They finished cementing the casing within the rock layer at 1240am on April 20th. They had crew on the rig, ready to run a cement evaluation test. But the powers that be determined that since the well wasn’t leaking, ie there wasn’t another lost circulation event, the cement was a success and the test wasn’t required. Boy were they wrong. And honestly, stupid. You already have the crew there, ready to go. You already spent the money to get them there, why not do the test. The arrogance here is really astonishing.

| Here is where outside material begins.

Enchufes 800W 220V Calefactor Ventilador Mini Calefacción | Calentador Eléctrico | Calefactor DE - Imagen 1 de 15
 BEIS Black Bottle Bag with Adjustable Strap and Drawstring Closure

So with the cement in place, or so they thought, they proceeded with the temporary abandonment procedure to cap the well until the production rig could arrive and start pumping oil and gas out of the reservoir. This process also had problems and ultimately led to the explosion. Before they installed the cement plug, which temporarily caps the well until the production rig can arrive, a cap that would be deeper than usual and deeper than typically allowed, they have to run a series of tests. First a positive pressure test. They exert pressure on the inside of well and make sure all of the oil and gas stay inside. This passed. Then they ran a negative pressure test. They remove pressure applied by the rig and make sure the cement around the casing holds once the balancing pressure from the mud is gone. Even though they bled pressure from the riser, they weren’t able to maintain 0 psi, it kept climbing. They tested this three times and then decided to test the kill line, which is a separate pipe that runs parallel to the drill riser from the blowout preventer to the rig. In theory, the pressures in the riser and kill line should be equal. They were able to maintain 0psi on the kill line and considered the test a success. Spoiler alert, this test was not a success, but the crew didn’t know this yet. Next they used seawater to displace the mud out of the well, above the blowout preventer. To do this they had to use a liquid spacer between the mud and seawater. The engineers specified a mixture of two different lost circulation pills to act as a spacer. They were allowed to dump fluids overboard that had been circulated down the well, so this allowed them to avoid disposing of the lost circulation pills on shore. The spacer volume was unusually large and had never been used for this purpose.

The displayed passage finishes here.